Saved entries:
..........

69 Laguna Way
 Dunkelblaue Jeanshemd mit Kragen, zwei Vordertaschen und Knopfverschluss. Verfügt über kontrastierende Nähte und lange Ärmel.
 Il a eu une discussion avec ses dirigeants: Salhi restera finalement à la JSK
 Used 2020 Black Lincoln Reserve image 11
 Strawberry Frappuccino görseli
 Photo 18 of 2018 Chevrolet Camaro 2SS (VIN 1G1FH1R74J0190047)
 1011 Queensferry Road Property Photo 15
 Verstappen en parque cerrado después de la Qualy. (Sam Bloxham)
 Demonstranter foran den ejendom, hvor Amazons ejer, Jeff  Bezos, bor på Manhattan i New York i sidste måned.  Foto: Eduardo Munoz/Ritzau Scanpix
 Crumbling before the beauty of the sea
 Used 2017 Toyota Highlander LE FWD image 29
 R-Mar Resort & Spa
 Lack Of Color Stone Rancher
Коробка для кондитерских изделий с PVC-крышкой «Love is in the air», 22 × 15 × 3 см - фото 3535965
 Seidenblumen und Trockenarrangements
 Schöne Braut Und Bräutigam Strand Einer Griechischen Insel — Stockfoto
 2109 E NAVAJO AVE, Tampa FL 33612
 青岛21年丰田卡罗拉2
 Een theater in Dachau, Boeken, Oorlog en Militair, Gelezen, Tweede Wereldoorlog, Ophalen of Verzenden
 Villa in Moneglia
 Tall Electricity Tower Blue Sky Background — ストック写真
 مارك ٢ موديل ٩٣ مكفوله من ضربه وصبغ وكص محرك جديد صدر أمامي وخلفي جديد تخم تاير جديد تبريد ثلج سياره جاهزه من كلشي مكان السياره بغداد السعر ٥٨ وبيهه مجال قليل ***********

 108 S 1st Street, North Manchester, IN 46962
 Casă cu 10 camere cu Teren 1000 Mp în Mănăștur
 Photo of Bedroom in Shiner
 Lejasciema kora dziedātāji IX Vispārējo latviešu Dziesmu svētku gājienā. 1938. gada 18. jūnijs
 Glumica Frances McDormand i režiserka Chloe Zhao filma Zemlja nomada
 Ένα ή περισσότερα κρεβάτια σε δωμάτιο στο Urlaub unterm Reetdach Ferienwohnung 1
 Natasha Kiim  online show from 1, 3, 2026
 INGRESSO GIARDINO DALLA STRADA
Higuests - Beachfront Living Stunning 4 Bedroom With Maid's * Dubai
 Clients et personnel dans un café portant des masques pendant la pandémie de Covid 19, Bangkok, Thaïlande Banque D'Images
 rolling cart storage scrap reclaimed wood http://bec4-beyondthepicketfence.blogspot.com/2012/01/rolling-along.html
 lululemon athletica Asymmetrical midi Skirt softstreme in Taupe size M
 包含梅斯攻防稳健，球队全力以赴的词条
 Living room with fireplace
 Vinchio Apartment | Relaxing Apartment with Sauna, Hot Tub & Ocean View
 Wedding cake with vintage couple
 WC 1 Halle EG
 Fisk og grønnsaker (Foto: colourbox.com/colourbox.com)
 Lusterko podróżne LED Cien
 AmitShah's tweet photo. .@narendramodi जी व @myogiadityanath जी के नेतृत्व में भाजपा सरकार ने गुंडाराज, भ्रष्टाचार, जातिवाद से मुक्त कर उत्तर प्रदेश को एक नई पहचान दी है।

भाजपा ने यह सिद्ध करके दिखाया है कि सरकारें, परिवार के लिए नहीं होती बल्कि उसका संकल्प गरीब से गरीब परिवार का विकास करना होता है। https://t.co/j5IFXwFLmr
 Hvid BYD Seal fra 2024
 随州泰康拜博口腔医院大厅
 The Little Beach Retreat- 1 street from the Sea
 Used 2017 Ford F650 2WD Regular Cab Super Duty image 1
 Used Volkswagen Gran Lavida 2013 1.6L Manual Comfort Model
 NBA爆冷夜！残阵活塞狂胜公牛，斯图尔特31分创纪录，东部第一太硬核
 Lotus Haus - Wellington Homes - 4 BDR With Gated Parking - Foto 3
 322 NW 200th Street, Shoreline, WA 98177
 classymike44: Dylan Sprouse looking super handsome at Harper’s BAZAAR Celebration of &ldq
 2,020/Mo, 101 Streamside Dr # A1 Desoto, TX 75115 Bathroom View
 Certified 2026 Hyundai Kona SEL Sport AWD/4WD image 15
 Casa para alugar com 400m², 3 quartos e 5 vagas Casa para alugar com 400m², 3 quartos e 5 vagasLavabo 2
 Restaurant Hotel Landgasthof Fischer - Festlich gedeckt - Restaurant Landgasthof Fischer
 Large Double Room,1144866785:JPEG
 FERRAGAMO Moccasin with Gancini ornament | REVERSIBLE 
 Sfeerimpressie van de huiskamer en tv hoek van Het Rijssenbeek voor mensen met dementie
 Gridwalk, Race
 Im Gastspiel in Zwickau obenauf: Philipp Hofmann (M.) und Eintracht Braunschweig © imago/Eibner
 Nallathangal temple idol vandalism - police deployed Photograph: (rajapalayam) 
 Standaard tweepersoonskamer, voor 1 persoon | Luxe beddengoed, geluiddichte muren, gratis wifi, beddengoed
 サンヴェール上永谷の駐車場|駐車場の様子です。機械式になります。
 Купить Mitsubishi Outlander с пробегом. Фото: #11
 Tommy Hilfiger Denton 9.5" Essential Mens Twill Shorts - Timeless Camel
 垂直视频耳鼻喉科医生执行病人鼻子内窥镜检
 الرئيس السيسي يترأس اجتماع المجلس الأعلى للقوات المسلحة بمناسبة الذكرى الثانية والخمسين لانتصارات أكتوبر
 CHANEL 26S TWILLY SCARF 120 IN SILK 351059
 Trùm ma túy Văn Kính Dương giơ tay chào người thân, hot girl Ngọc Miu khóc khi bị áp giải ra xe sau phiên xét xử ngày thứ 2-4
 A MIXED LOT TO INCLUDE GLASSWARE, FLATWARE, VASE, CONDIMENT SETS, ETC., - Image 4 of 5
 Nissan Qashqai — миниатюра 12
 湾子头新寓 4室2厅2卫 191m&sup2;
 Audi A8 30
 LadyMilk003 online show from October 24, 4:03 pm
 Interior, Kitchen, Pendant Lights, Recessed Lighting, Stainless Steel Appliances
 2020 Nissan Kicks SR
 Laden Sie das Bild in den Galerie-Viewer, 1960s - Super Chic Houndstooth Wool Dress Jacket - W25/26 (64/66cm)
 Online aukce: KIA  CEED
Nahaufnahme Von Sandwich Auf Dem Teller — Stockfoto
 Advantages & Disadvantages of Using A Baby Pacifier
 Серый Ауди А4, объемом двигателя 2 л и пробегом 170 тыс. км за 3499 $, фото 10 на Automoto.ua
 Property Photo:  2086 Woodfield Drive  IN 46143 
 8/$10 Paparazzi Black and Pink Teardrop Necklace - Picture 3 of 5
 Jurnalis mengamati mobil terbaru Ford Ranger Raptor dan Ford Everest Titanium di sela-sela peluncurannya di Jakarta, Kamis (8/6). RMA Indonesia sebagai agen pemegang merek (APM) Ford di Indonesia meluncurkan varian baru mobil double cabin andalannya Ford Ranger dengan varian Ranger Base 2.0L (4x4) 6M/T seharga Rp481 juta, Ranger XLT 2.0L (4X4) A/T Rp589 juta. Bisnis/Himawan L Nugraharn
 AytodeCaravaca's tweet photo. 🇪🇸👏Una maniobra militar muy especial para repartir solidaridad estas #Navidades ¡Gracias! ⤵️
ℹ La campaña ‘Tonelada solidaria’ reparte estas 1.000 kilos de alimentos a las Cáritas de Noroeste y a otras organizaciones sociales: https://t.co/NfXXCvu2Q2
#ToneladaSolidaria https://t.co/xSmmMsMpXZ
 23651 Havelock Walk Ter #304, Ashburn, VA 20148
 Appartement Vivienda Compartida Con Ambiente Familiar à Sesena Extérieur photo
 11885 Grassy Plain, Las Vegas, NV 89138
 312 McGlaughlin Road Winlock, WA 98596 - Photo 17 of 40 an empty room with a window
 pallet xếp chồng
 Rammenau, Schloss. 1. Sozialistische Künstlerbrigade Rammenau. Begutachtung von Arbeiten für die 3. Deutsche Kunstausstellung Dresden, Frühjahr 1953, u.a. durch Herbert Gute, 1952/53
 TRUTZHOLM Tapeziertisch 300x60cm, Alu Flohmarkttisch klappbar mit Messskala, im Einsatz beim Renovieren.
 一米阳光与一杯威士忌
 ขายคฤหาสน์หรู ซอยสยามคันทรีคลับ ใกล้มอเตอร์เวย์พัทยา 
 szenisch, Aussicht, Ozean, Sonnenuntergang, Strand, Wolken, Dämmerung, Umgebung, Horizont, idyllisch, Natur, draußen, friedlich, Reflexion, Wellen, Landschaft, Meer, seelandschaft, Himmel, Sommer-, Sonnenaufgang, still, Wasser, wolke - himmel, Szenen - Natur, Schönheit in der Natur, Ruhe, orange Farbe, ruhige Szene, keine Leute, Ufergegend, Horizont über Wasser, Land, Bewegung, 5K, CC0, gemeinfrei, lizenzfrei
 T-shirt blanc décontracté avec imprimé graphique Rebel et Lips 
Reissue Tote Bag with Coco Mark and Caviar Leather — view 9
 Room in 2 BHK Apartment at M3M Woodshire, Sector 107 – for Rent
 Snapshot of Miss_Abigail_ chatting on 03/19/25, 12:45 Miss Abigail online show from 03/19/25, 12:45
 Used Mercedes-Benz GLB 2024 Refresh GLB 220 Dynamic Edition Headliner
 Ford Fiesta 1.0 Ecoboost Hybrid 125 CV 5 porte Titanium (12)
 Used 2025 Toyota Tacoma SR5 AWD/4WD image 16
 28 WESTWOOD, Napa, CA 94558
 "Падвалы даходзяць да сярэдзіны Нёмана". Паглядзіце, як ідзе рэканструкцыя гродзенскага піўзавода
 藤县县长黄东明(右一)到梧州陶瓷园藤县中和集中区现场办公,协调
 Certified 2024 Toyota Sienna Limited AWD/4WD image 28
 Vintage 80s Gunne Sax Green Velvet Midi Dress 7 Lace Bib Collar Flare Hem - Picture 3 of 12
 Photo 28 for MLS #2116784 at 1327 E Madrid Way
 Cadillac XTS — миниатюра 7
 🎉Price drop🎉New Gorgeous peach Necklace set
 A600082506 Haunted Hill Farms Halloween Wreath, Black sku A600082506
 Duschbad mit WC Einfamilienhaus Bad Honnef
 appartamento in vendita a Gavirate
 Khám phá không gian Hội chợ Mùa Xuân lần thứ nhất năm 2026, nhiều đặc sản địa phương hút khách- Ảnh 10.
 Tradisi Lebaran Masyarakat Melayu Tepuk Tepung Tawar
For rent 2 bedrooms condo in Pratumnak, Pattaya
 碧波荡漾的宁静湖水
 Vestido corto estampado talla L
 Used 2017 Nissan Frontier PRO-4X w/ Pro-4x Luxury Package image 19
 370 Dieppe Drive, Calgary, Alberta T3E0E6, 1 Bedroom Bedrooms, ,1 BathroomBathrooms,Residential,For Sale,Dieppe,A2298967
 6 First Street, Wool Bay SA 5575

..........

• _HOW TO COMPLETE THIS TASK_: Copy each line, exactly, that falls between the line containing "A600082506 Haunted Hill" and the end of the entries, both included.

• _RESPONSE TO THIS TASK_:
 A600082506 Haunted Hill Farms Halloween Wreath, Black sku A600082506
 Duschbad mit WC Einfamilienhaus Bad Honnef
 appartamento in vendita a Gavirate
 Khám phá không gian Hội chợ Mùa Xuân lần thứ nhất năm 2026, nhiều đặc sản địa phương hút khách- Ảnh 10.
 Tradisi Lebaran Masyarakat Melayu Tepuk Tepung Tawar
For rent 2 bedrooms condo in Pratumnak, Pattaya
 碧波荡漾的宁静湖水
 Vestido corto estampado talla L
 Used 2017 Nissan Frontier PRO-4X w/ Pro-4x Luxury Package image 19
 370 Dieppe Drive, Calgary, Alberta T3E0E6, 1 Bedroom Bedrooms, ,1 BathroomBathrooms,Residential,For Sale,Dieppe,A2298967
 6 First Street, Wool Bay SA 5575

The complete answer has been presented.